Rail fastening systems
A rail fastening system is the complete assembly — spring clip, rail pad, insulator, and anchor — that attaches the rail foot to the sleeper, maintaining track gauge and alignment while providing controlled vertical elasticity to absorb dynamic wheel loads.
Each fastening must do four things simultaneously. It must fix the rail against vertical lift under dynamic loading. It must resist longitudinal rail creep, which in continuous welded rail accumulates as thermal cycles and traffic impose net longitudinal force. It must provide electrical insulation between rail and sleeper, measured as a minimum electrical resistance of 5 kΩ per fastening under wet conditions to preserve track circuit integrity.

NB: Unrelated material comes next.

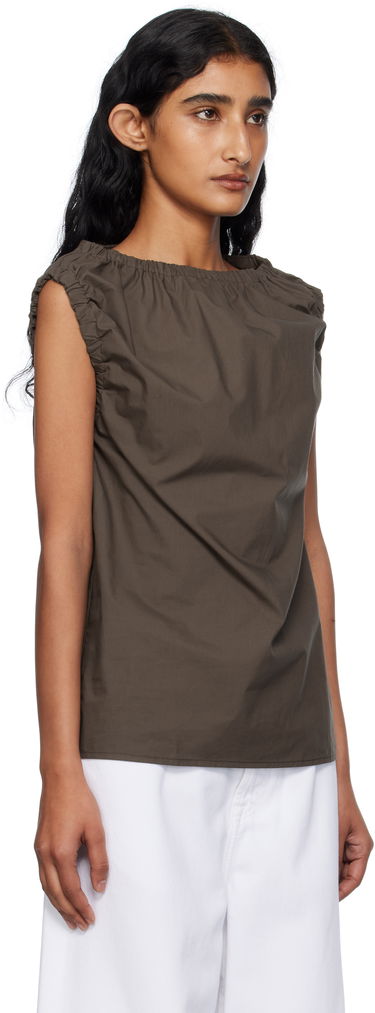 Tielko Baserange Baserange Mia Gathered Blouse Hnedá | TSMI-PO-AU25, 1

And it must allow a defined amount of elasticity — typically 1–2 mm vertical deflection under wheel load — to reduce peak contact stress on the sleeper and rail base.
All four requirements
Spring clip designs address all four requirements without bolts or nuts. The Pandrol e-clip, an omega-shaped spring steel rod, applies a downward toe load of 9–12 kN onto the rail foot through spring tension alone.
The Vossloh SKL series uses a W-shaped tension clamp held by an insulating guide plate and a ribbed baseplate. Both systems are specified to EN 13481, the European performance standard for rail fastening systems, which defines test methods for toe load, longitudinal restraint, electrical resistance, and fatigue life.
EN 13481 is a multi-part standard; Part 2 covers concrete sleeper applications, Part 5 covers slab track, and Part 8 covers heavy axle load conditions above 260 kN per axle.
Market structure
Pandrol and Vossloh Fastening Systems are the two dominant suppliers on European main-line and high-speed infrastructure. Pandrol’s e-clip and Fastclip systems are standard on SNCF (France), Network Rail (UK), and many metro and Asian networks.
Vossloh’s SKL-series clips are the standard on Deutsche Bahn and most Central European networks. Both suppliers are active in more than 85 countries. The product choice on any given network is largely determined by historical procurement relationships and the shoulder geometry already cast into existing concrete sleepers, which is specific to each clip family.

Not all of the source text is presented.